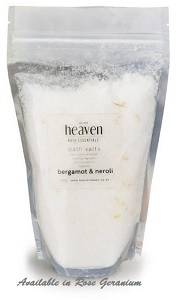Heaven Bath Essentials Bath Salt Rose Geranium Refill 600G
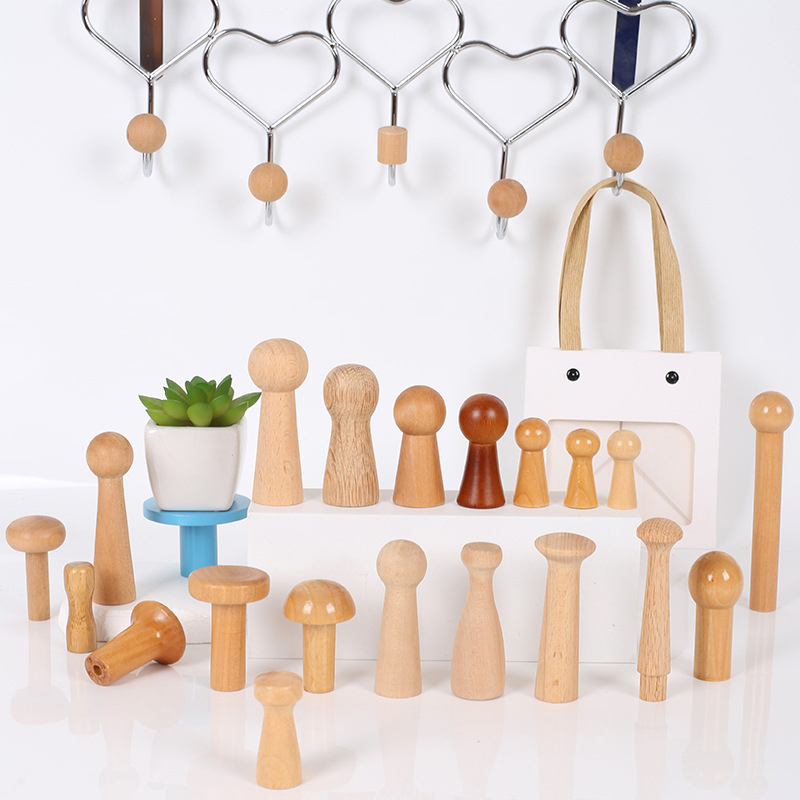 Solid Wood Coat Hook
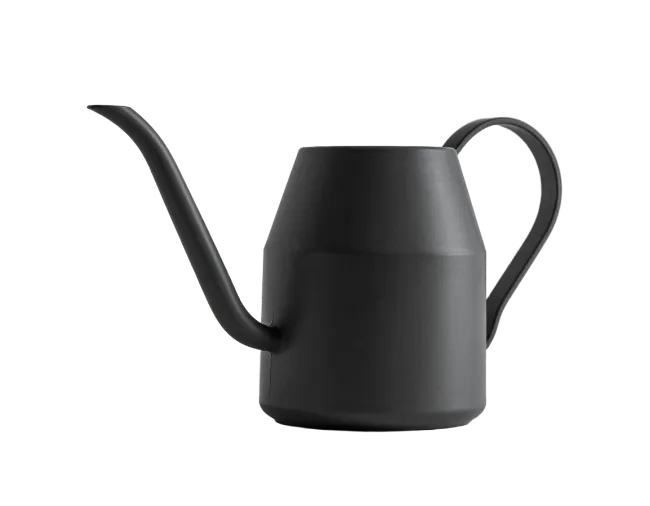 Modern Matte Black Watering Can
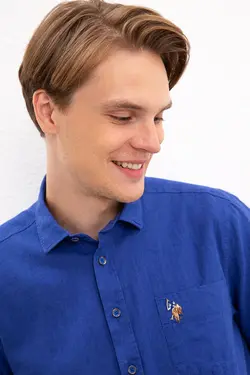 پیراهن آستین کوتاه مردانه یو اس پولو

□ □ □ □ □ □ □

Required action
Give all the lines above again, character for character, without pictures.

Answer section
Heaven Bath Essentials Bath Salt Rose Geranium Refill 600G
 Solid Wood Coat Hook
 Modern Matte Black Watering Can
 پیراهن آستین کوتاه مردانه یو اس پولو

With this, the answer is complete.